Lipoprotein abnormalities associated with cholesteryl ester transfer activity in cystic fibrosis patients: the role of essential fatty acid deficiency

Abstract

The purpose of this study was to elucidate the roles of lecithin:cholesterol acyltransferase (LCAT) and cholesteryl ester transfer protein (CETP) in the lipoprotein derangement of cystic fibrosis (CF) patients with respect to their essential fatty acid (EFA) status. Triglyceride enrichment and cholesteryl ester (CE) depletion were observed in the lipoproteins of 22 CF patients. The abnormal chemical composition was more severe in 12 EFA-deficient (EFAD) than in 10 EFA-sufficient (EFAS) patients. Expressed in nmol.L-1.h-1, LCAT activity was higher (P < 0.05) in both EFAS (mean +/- SE, 92.7 +/- 1.9) and EFAD (108.8 +/- 3.0) patients than in control subjects (65.2 +/- 0.9). An equal CE transfer was recorded in the lipoprotein-deficient serum, as a source of CETP activity, in all groups studied by using normal exogenous low-density lipoprotein (LDL) and high-density lipoprotein (HDL).

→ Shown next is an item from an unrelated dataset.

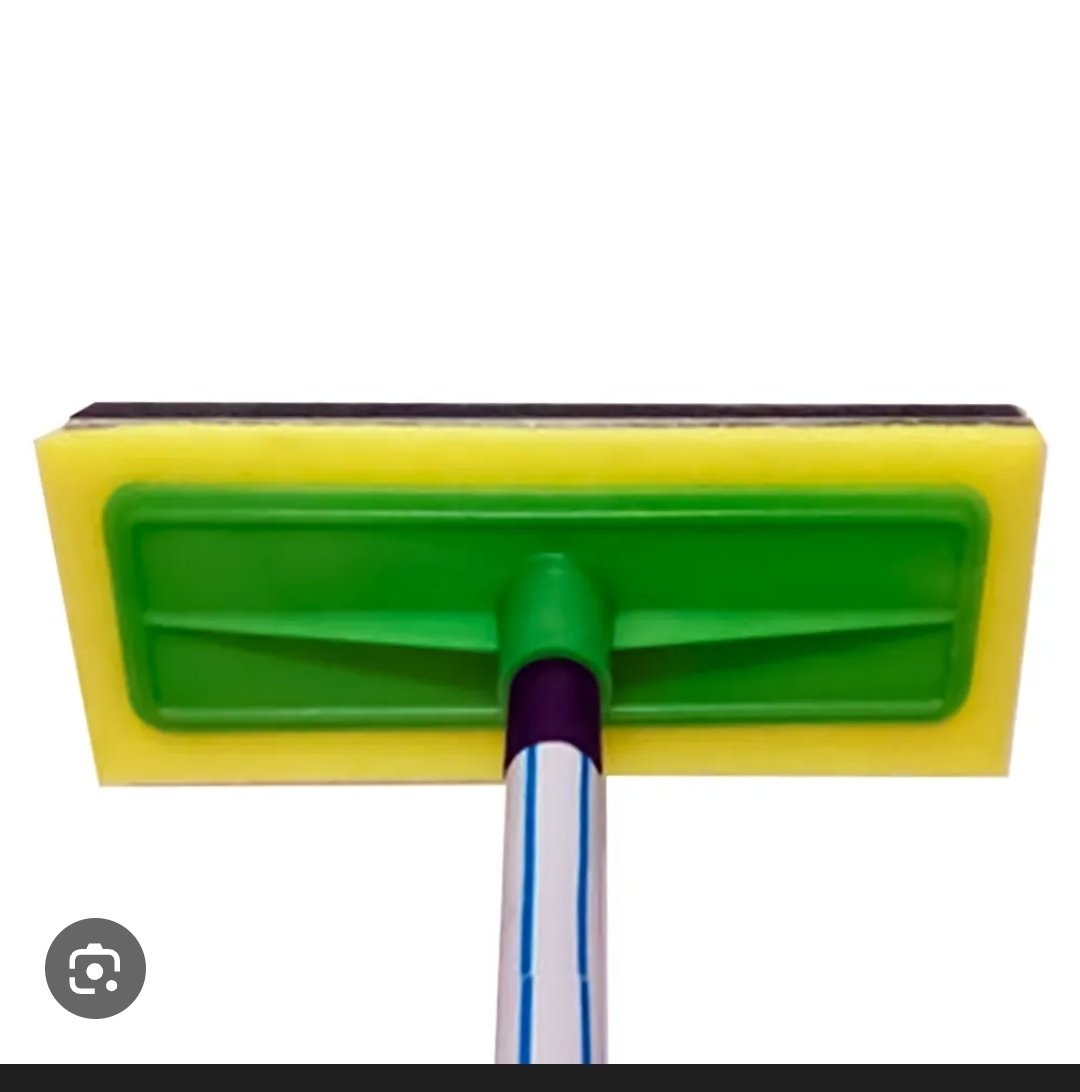 Limpa azulejo com cabo de 1,20 mt a partir de 6 un.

However, in contrast to the maximal amount of CE transferred from endogenous HDL to endogenous apolipoprotein B (apo B) in control subjects, a reduction in CETP activity was seen in CF patients and more pronounced in the EFAD group. These findings indicate that impaired lipoprotein composition may have marked effects on the transfer of CE between HDL and apo B in EFAD CF patients.